Z Is For Zaino

There is, I believe, healing power in ritual.
Nobody understands the power of ritual in consumer product like the Zaino brothers of New Jersey, purveyors of plasticized automotive paint sealants. You do not simply use their product --- that wouldn't be powerful enough, special enough. If you could just apply Zaino products to any car at any time, then there would be no difference between Zaino and "car wax". You can wax your car with Zymol and then with Griots and then with Turtle Wax and you never need to worry about what you've done in the past. But with Zaino you must first become pure.

"Just this once," the instructions tell you, "wash your car with the blue Dawn dishwashing detergent so it is completely clean. Then put the Dawn back in the kitchen, because you will never use it again." It's a purification ritual, removing the grease and the oil and the other waxes. Like lowering a new lover into a steaming bath and scrubbing her clean from head to toe, removing the filth of every man who ever touched her --- or so you'd like to think. But in the case, it really works and my Boxster was once again clean, free of oil and filth. This is the second round of purification on the Boxster. From 2004 to 2009, I did my own Zaino detailing on it. Then other things intervened and I lost touch with its slick surfaces, lost touch with the feminine curve over the cooling vents, lost touch.
Today we purify again.
And when we are done, then we rub with the Z-18 Claybar, picking up contaminants, making those surfaces slick once more. It's been ten years since I took delivery of this car and those have been ten hard years. Thousands of miles on race tracks, thousands more miles getting there and going nowhere, suffering endless distractions on the road. Nearly forty-nine thousand miles. This is far from a new car. Nonetheless, I rub it from top to bottom with the Z-18 Claybar.

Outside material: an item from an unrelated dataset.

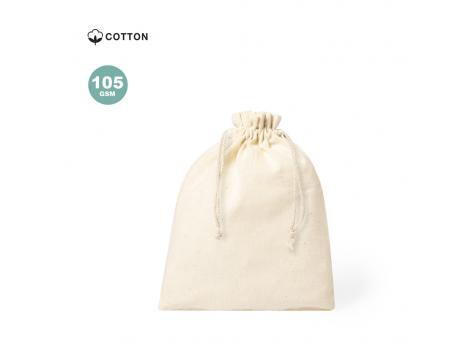 Сумка Fergut NTEU10-243520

Once upon a time, we'd have gone straight to the Z-2 Polish at this point. Then the Zaino brothers changed the catechism and we went to Z-PC Fusion before the Z-2. Today, it's Z-AIO, the All In One preparation. Rub it on from nose to tail, permit to dry for an hour, remove.
It's ritual. Drug addicts become as addicted to the ritual as they are to the drug. We need rituals and if the church that provided them has been discredited by David Hume and Jon Stewart then we will create these rituals elsewhere. Time for the next ritual.
Using a virginal container, an untouched and pure plastic squeeze bottle, mix four ounces or so of Z-2, pink in color, with a single blue drop of ZFX Fusion Accelerator. The blue drop sits alone in the pink fluid, not mixing, a chemical accelerant and separatist. Shake until the mix is right. Wait five minutes, shake again.
Four coats of Z-2, separated by half an hour of dry time and a rub down with a white towel. Then one final coat of Z-5, the adulterated formula, the shiny scratch filler. Then rub clean the last time. Spray with Z-8, which replaced Z-6, the former benediction, a tradition now mostly, as they say, honored in the breach. Rub with a new and pure cotton cloth.
Total time: approximately four hours of work spread out across twenty hours.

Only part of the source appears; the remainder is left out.